**Task directions**
Everything from the line containing "Kerstin Meyer: Memorial" through the line containing "Asics GEL-Saga White/White" in the listing below should be copied exactly, and nothing more.

**Task inputs**
+ + + + +

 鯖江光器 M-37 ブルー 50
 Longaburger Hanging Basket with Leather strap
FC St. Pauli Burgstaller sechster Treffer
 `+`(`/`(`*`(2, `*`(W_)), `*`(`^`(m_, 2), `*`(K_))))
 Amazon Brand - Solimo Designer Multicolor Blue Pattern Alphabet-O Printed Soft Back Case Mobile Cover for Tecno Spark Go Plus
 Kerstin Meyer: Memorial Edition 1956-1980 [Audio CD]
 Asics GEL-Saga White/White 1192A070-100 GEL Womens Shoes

+ + + + +

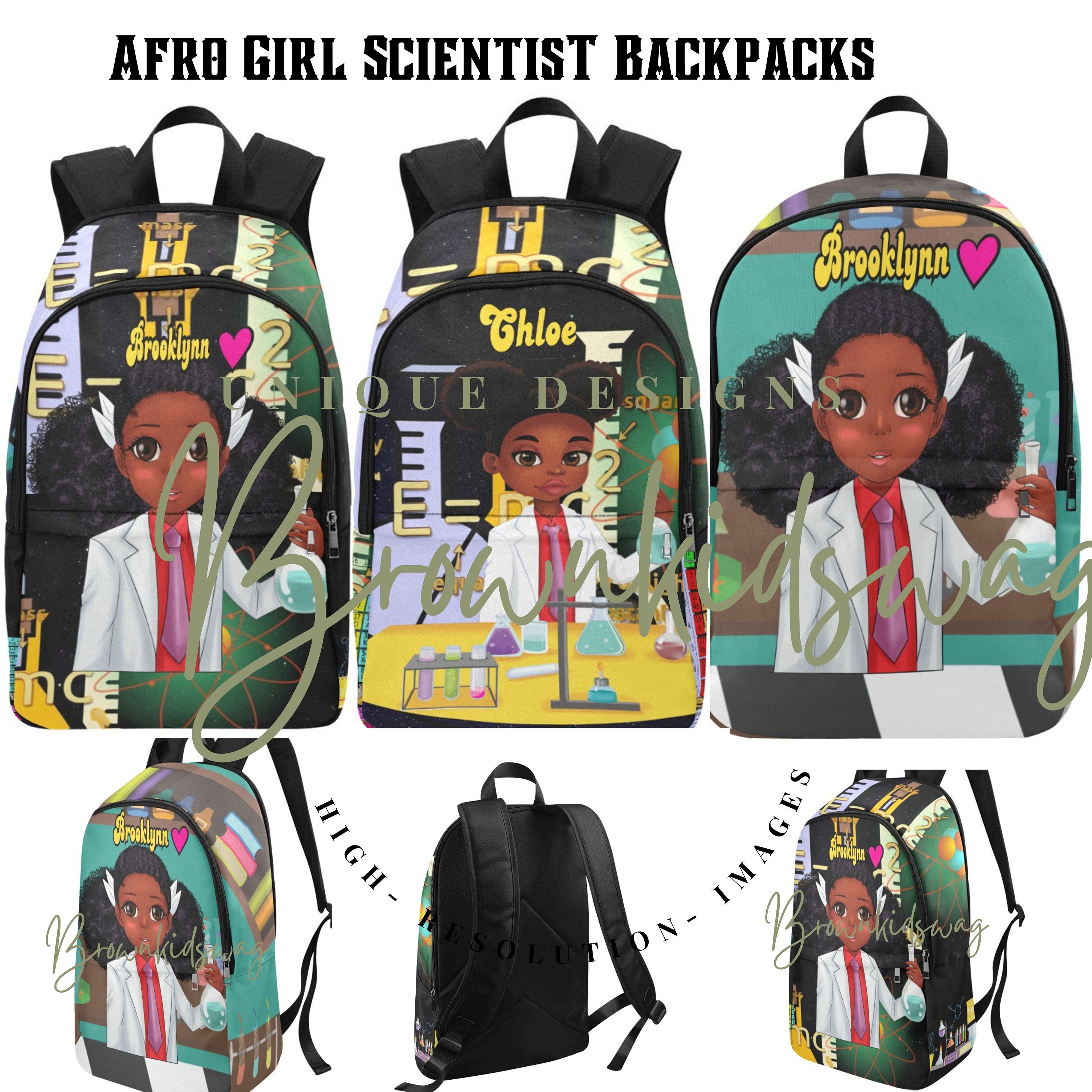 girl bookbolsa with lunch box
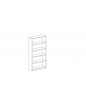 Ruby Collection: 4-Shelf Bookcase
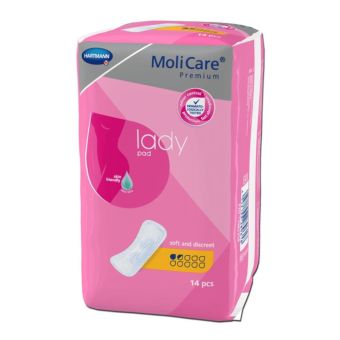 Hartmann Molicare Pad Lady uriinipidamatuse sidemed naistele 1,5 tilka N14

+ + + + +

**Solution below**
 Kerstin Meyer: Memorial Edition 1956-1980 [Audio CD]
 Asics GEL-Saga White/White 1192A070-100 GEL Womens Shoes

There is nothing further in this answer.